The rubric created for measuring DEI characteristics offered the lowest score to an applicant who “explicitly states the intention to ignore the varying backgrounds of their students and ‘treat everyone equally.’”
Another report from The Ohio State University exemplified how these requirements were used to favor far-left-leaning candidates. One white male was not “outwardly present as a diversity candidate,” but his research on Critical Race Theory was highlighted as a reason he scored high within the DEI criteria.
This shows that the vetting committee used ideological theories as a way to bypass the diversity requirements, effectively allowing the process to be one in which candidates are hired based on political leanings.

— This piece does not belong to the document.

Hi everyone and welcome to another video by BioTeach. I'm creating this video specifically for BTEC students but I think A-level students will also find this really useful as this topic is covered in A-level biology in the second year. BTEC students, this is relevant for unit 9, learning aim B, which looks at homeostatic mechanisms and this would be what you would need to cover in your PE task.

“On one hand, this is clearly a way to filter out, either intentionally or not, people who view a whole cluster of social issues differently than the sort of majority opinion on campus,” Sailer said. “This is a perfect way to compound the effects of a viewpoint conformity.”
Another statement Sailer found from another employer stated that “they don’t want to hire white men” when doing a cluster hire. Cluster hiring is essentially hiring multiple faculty members at once across many disciplines, which allows administrators to expand their involvement through conditional funding for faculty alliances.

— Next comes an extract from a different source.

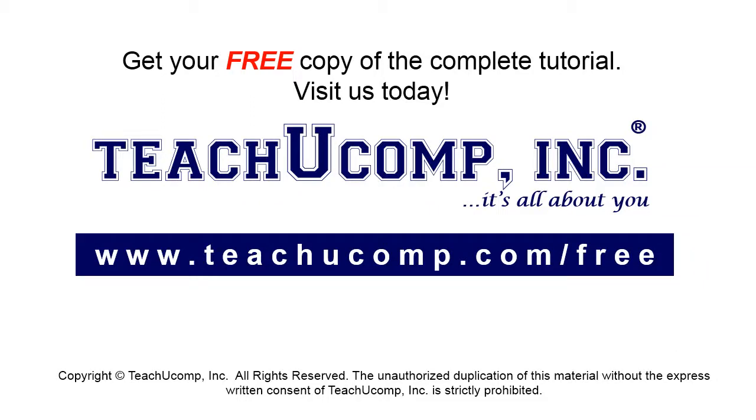Get your free copy of the complete tutorial at www.teachucomp.com/free.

A final example given by Sailer was career investments, particularly focusing on how one group, the Andrew Mellon Foundation, systematically increased activist hires among universities. According to Sailer, the Andrew W. Mellon Foundation is the “premier funder of the humanities in the United States.”

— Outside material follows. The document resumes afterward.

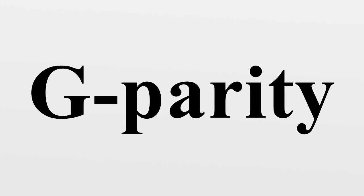In theoretical physics, g-parity is a multiplicative quantum number that results from the generalization of c-parity to multiplets of particles.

This foundation is “akin to its own federal agency in giving power” and provides career enhancing grants for candidates that share the foundation’s activist vision for higher education.
One situation Sailer discussed was about Dr. LaVelle Ridley, a professor hired at The Ohio State University after receiving multiple grants from the Mellon Foundation. The professor’s research focused on “cultural politics of black transgender women in the U.S., specifically in advances in anti-capitalism, prison, and abolitionist agendas.”
When professors are funded for a clear political agenda and hired by schools because of DEI requirements, a knowledge vacuum is created where institutions think homogeneously about certain political issues, leading to a decrease of public trust.
In the 21st century view of higher education, the use of scholarship funds must continue the “passionate pursuit of truth, even if it takes you to conclusions that are inconvenient, or even defy the dominant perception of what social justice is or ought to be,” Sailer said.
Sailer concluded by mentioning how this concentration of progressive views at the top of institutions may deter right-leaning thinkers from entering academia, which continues the current institutional culture, even after DEI requirements are removed.
“A lot of people who might have considered an academic career in the first place will look at what they have to do to apply to graduate school, what they have to do to apply to faculty jobs, and what kind of backing for these jobs are available and say, this is clearly not for me,” Sailer said. “I think that’s exactly what has happened because of diversity statements.”